'Zombie drivers' - the frightening danger on outback roads
RACQ has issued a serious plea to outback drivers to wake up to the danger of fatigue, as startling research carried out by the Club revealed one third of motorists continued to drive tired despite knowing the fatal risks.
RACQ spokesperson Clare Hunter said more than 95 percent of Queenslanders considered fatigued drivers a danger on our roads, yet more than 35 percent still got behind the wheel while tired.
“With so many people fighting sleep while driving, every third driver has admitted to basically being a zombie sometime in the last 12 months,” Ms Hunter said.
“Fatigue is one of the Fatal Five causes of road deaths in Queensland and can be as dangerous as driving drunk.
“Even a brief lapse in concentration can have a deadly outcome. Last year, 30 people were killed in fatigue related crashes in Queensland and hundreds more were hospitalised with serious injuries.”
As part of National Road Safety Week, Ms Hunter urged motorists to think long and hard about whether they were up to the challenge of driving they before hit the road.
“This week is the perfect time to revisit the choices we make every time we get behind the wheel.

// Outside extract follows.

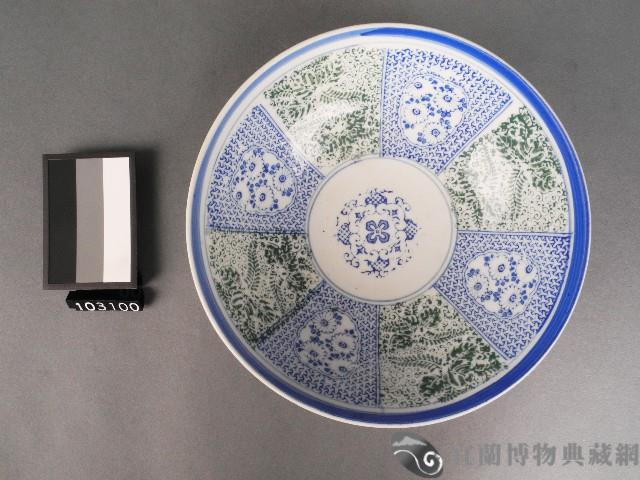 藍綠彩花卉紋碗藏品圖，第1張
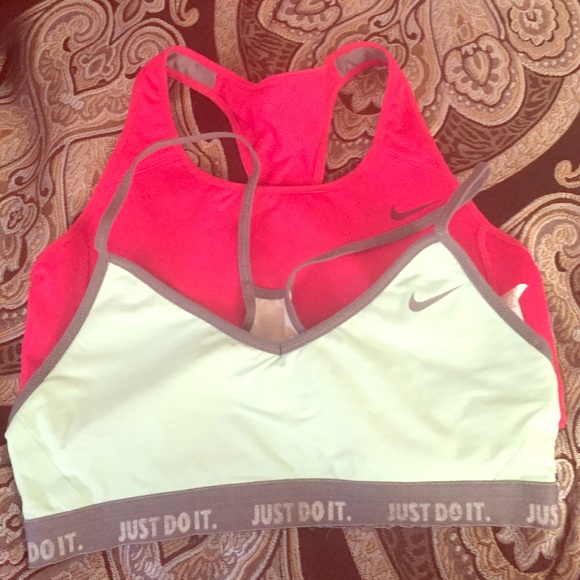 Nike sports bra bundle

We know we shouldn’t be driving while we’re tired, so don’t gamble on a cup of coffee or blasting the radio to get you through,” she said.
“Get a good night’s sleep before you hit the road, avoid driving at times you’re normally in bed and if you’re on a long journey, stop every two hours for a break.
“Fatigue can easily creep up on you, so be on the lookout for those early warning signs like feeling drowsy, yawning, blinking more than usual, having difficulty concentrating, failing to notice road signs or landmarks or slow reactions to traffic. It could save a life.”